If we consider functions belonging to the Sobolev-type spaces $${\mathscr {W}}^1_r(w)$$, it is possible to estimate $$e_n(f)$$ (see, e.g., [20]) in terms of the weighted error of best polynomial approximation, i.e.,

\begin{aligned} \displaystyle E_{n}(f)_{w,1}=\inf _{P\in {\mathbb {P}}_{n}} \Vert (f-P)w\Vert _{1}. \end{aligned}

Indeed,

\begin{aligned} |e_n(f)| \le \frac{{\mathscr {C}}}{2n-1} E_{2n-2}(f')_{\varphi w,1}, \end{aligned}
(15)

where $${\mathscr {C}} \ne {\mathscr {C}}(n,f)$$ and $$\varphi (x)=\sqrt{1-x^2}$$. Here and in the sequel, $${\mathscr {C}}$$ denotes a positive constant which has a different value in different formulas. We write $${\mathscr {C}} \ne {\mathscr {C}}(a,b,\ldots )$$ in order to say that $${\mathscr {C}}$$ is independent of the parameters $$a,b,\ldots$$, and $${\mathscr {C}} = {\mathscr {C}}(a,b,\ldots )$$ to say that $${\mathscr {C}}$$ depends on them.

About the computation of the nodes $$x_j$$ and weights $$\lambda _j$$ of the Gauss-Jacobi quadrature rule, in 1962 Wilf observed (see also [14]) that they can be obtained by solving the eigenvalue problem for the Jacobi matrix of order n

\begin{aligned} J_n= \begin{bmatrix} \alpha _0 &{} \sqrt{\beta _1} \\ \sqrt{\beta _1} &{} \alpha _1 &{} \sqrt{\beta _2} \\ &{} \sqrt{\beta _2} &{} \alpha _2 &{} \ddots \\ &{} &{} \ddots &{} \ddots &{} \sqrt{\beta _{n-1}} \\ &{} &{} &{} \sqrt{\beta _{n-1}} &{} \alpha _{n-1} \\ \end{bmatrix}, \end{aligned}

associated to the coefficients $$\alpha _j$$ and $$\beta _j$$ defined in (6) and (8), respectively. Specifically, the nodes $$x_j$$ are the eigenvalues of the symmetric tridiagonal matrix $$J_n$$, and the weights are determined as

\begin{aligned} \lambda _j=\beta _0 \, v^2_{j,1}, \end{aligned}

where $$\beta _0$$ is defined as in (7) and $$v_{j,1}$$ is the first component of the normalized eigenvector corresponding to the eigenvalue $$x_j$$.

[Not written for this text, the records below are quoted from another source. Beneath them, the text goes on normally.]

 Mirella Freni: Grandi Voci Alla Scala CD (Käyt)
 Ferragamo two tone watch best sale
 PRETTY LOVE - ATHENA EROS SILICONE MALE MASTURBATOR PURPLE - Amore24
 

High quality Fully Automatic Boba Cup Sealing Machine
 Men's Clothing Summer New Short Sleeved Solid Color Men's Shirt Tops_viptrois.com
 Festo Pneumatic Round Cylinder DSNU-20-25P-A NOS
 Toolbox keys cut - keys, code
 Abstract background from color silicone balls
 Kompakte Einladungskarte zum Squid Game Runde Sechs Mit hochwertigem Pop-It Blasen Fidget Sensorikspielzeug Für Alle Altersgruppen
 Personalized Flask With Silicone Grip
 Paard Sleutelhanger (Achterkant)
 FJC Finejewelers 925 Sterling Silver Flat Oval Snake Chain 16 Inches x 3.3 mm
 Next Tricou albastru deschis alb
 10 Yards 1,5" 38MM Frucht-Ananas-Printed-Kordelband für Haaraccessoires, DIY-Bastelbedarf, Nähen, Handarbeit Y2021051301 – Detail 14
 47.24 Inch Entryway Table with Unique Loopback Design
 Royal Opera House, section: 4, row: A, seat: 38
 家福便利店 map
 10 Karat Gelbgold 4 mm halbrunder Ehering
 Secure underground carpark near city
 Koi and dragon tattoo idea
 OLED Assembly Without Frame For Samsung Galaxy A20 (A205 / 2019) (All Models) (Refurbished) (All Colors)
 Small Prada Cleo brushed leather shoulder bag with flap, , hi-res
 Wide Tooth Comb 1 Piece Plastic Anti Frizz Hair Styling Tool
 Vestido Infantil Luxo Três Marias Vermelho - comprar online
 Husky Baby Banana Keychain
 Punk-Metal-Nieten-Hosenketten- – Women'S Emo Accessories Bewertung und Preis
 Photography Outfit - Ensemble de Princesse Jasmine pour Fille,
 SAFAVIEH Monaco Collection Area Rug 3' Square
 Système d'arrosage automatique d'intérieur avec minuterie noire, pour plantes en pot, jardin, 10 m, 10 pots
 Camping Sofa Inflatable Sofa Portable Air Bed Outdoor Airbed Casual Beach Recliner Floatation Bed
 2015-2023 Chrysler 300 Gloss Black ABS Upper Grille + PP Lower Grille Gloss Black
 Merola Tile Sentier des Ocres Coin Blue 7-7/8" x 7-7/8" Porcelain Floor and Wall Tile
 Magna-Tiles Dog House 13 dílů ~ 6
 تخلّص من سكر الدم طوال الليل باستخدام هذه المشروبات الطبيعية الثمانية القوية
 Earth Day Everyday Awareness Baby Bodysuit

Let us approximate the integral I(f) defined in (12) by

\begin{aligned} I(f) = \sum _{j=1}^{n+1} {\tilde{\lambda }}_j f({\tilde{x}}_j) + {\tilde{e}}_{n+1}(f)=:{\widetilde{G}}_{n+1}(f)+{\tilde{e}}_{n+1}(f), \end{aligned}
(16)

where $${\widetilde{G}}_{n+1}(f)$$ is the $$n+1$$ point anti-Gauss quadrature formula and $${\tilde{e}}_{n+1}(f)$$ is the corresponding remainder term.

Such a rule is an interpolatory formula designed to have the same degree of exactness of the Gauss-Jacobi formula $$G_n(f)$$ in (13) and an error of the same magnitude and opposite in sign to the error of $$G_n(f)$$, when applied to polynomials of degree at most $$2n+1$$, namely

\begin{aligned} I(f)-{\widetilde{G}}_{n+1}(f)=-(I(f)-G_{n}(f)), \quad \text {for all } f \in {\mathbb {P}}_{2n+1}, \end{aligned}

from which

\begin{aligned} {\widetilde{G}}_{n+1}(f)= 2 I(f)-G_{n}(f), \quad \text {for all } f \in {\mathbb {P}}_{2n+1}. \end{aligned}
(17)

This quadrature formula was developed with the aim to estimate the error term $$e_n(f)$$ of the Gauss rule $$G_n(f)$$, especially when the Gauss-Kronrod formula fails in this intent. This happens, for instance, when we deal with a Jacobi weight with parameters $$\alpha$$ and $$\beta$$ such that $$\min \{\alpha , \beta \}\ge 0$$ and $$\max \{\alpha , \beta \}>5/2$$; see [26].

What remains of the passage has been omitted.